Sorcerous Stabber Orphen

Synopsis:
Sorcerous Stabber Orphen
In a world of sorcery, monsters, and powerful beings known as Deep Dragons, a trio of orphans were raised to become magicians and warriors at the academy known as The Tower of Fang. Leticia was always the levelheaded and studious one of the three, while Azalie would eventually grow into an incredibly talented wielder of both black and white magic, and Krylencelo's talent on the battlefield would see him handpicked to be the successor of the legendary assassin, Childman. Azalie's sorcerous experimentations eventually saw her transformed into a terrible monster, however, and Krylancelo vowed to forsake his training, along with his own name, and dedicate his life to rescuing his adoptive sister. Now, years later, he goes by the moniker “Orphen”, and his search for Azalie has brought a young woman named Claiohm and a would-be-sorcerer named Majic into his care. Not only is the reluctant anti-hero now saddled with two more mouths to feed, but his adventures are about to become more dangerous than he ever could have predicted…
Review:

I checked out a DVD of ADV's release of the original Orphen anime back in the mid-2000s, though all I could remember of it was that the dub was pretty corny and everyone had goofy names. Now, a decade-and-a-half later, I went into Studio DEEN's new adaptation of the Sorcerous Stabber Orphen with basically the exact same level of background knowledge. After finishing the first couple of episodes, I will admit that I was prepared to write the story off yet again (even though Funimation's new dub is leagues better than what I remember from the ADV production). The world of Orphen still feels very much like a cookie-cutter light-novel fantasy setting, complete with a completely incongruous set of absurdly named characters and locales, all wrapped up in a mythos that can often feel like someone got way too enthusiastic over a round of Dungeons & Dragons Mad-Libs. The magic spells are all invoked in the most earnest and cheesy of ways (“I summon thee!”, “I invoke thee!”, and so on), and you've got a whole set of creatures known as Deep Dragons, none of which are actually dragons.

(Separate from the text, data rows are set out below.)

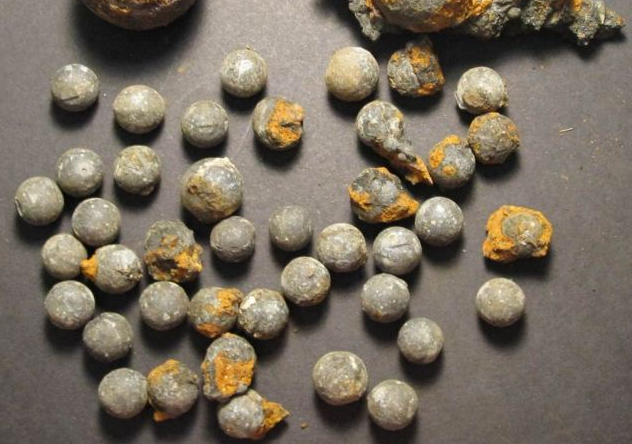 An array of munitions were also found on board, including a French-made cannonball and the American-made musket balls pictured.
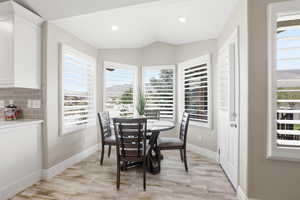 Bright dining nook featuring a bay window with plantation shutters, wood-finish flooring, recessed lighting, and a neutral color palette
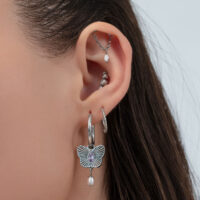 Silberne Schmetterling Creolen am Ohr Nahaufnahme eines Ohres mit silbernen Creolen, Schmetterlingsanhänger und mehreren Piercings vor hellem Hintergrund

This can get awfully confusing and silly, especially since Orhpen's long-lost sister Azalie has been transformed into what us Earthlings would definitely call a dragon, but whenever the characters in Sorcerous Stabber Orphen are talking about “Dragons”, they're actually referring to, like, giant telepathic wolf demons that can melt your brain. It's weird. I also wasn't terribly impressed with the show's production values; the animation and music were all fine, but regardless of how much high-octane thrills and spills were happening on screen, I would be hard pressed to recall a single distinctly memorable image or musical cue, and that's when the whole show is at its freshest in my mind.

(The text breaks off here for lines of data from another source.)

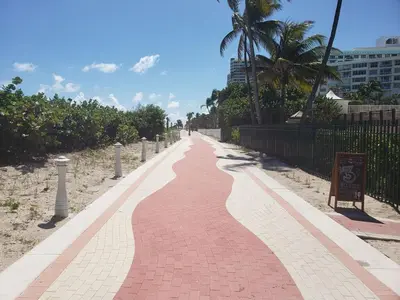 a red brick walkway on the beach with palm trees at Penthouse in the sky in Miami Beach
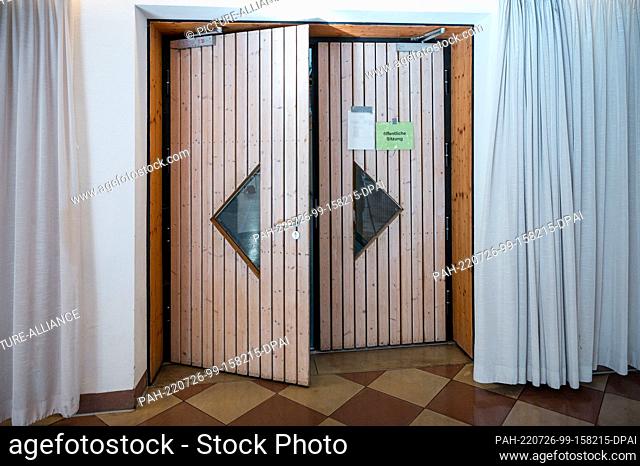26 July 2022, Bavaria, Estenfeld: The entrance door to the multipurpose hall of the White Mill Estenfeld. The trial in the safeguarding case against the...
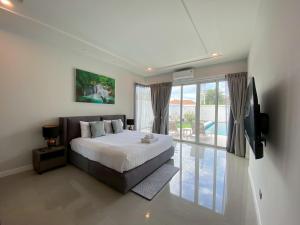 a bedroom with a bed and a sliding glass door at Modern Villa 3BR - Great Location - KL3 in Hua Hin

Once I gave Orphen (the anime) a little more time, though, I found myself surprisingly invested in its goofy world and characters. Orphen (the guy) is your typical brooding-bad-boy anime hero, and he honestly isn't very interesting all on his own, but his interactions with the show's many side characters are genuinely charming and interesting most of the time. My favorite aspect of this season's 13-episode run was the way it split the difference between the present-day adventures of Super Serious Stabber Orphen and the flashbacks that showed his life as Krylancelo at the Tower of Fang. If all we had to go on was Orphen's quest to find Azalie, it would feel terribly cliché and one note for far too long, but it means so much more when we get to know Azalie and all of Orphen's other friends and teachers so well, and it colors in the emotional stakes of Orphen's journey very nicely. Conversely, this gives Orphen's burgeoning friendships with Claiohm and Majic a lot more weight too, since you understand how significant it is for the man to be opening up to others again. While Orphen's fraught and complicated relationship with Azalie is the heart of Orphen's story, it wouldn't matter if the show didn't do a good job of making all of the other relationships matter too.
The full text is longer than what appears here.